### Supplied information
┌──

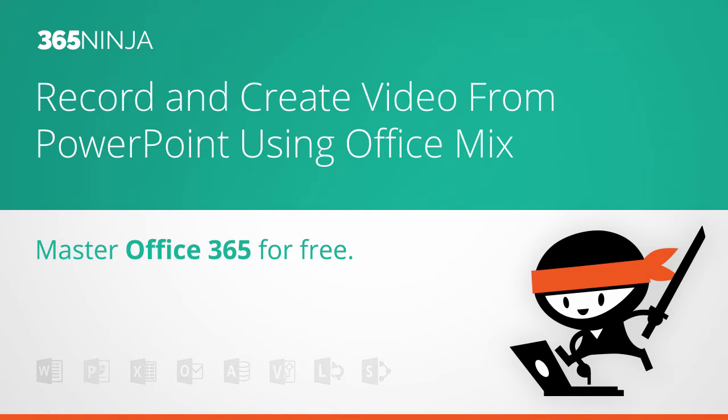Hey everyone, 365Ninja here. Today we're going to look at video in Office Mix for PowerPoint.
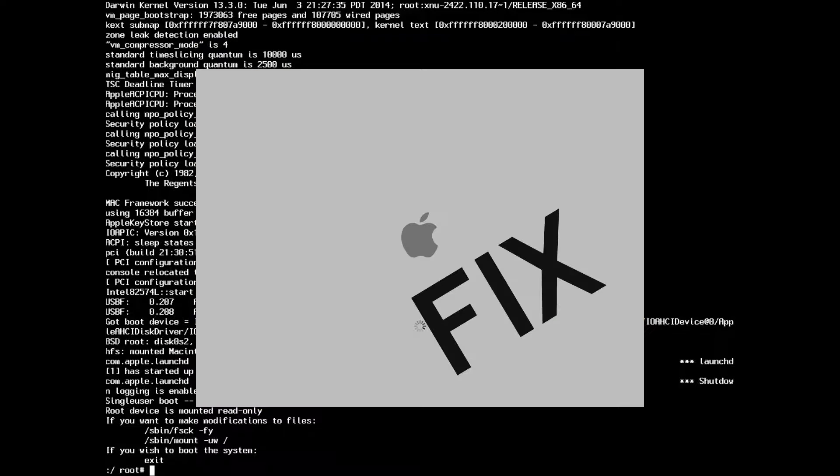Easy wins! Your Mac should start up normally again. If you guys have anything you want to see fixed next, comment below.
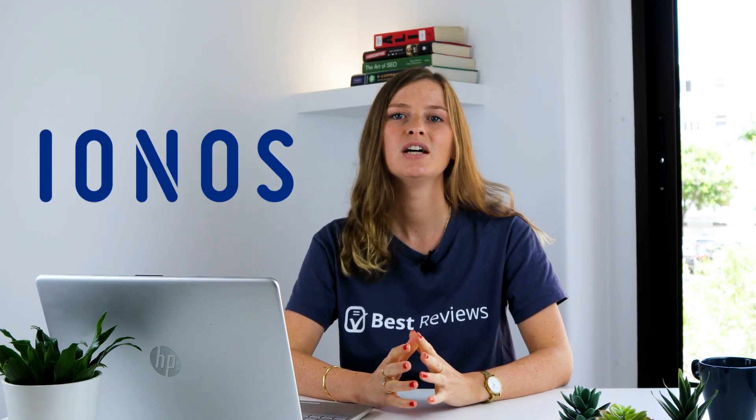Hello everyone and welcome back to our channel. Today we'll be reviewing the biggest web hosting platform in Europe and one of the most prominent worldwide, IONOS.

└──

### Task instructions
Please retype the data exactly, but do not carry over any picture.

### Answer below
Hey everyone, 365Ninja here. Today we're going to look at video in Office Mix for PowerPoint.
Easy wins! Your Mac should start up normally again. If you guys have anything you want to see fixed next, comment below.
Hello everyone and welcome back to our channel. Today we'll be reviewing the biggest web hosting platform in Europe and one of the most prominent worldwide, IONOS.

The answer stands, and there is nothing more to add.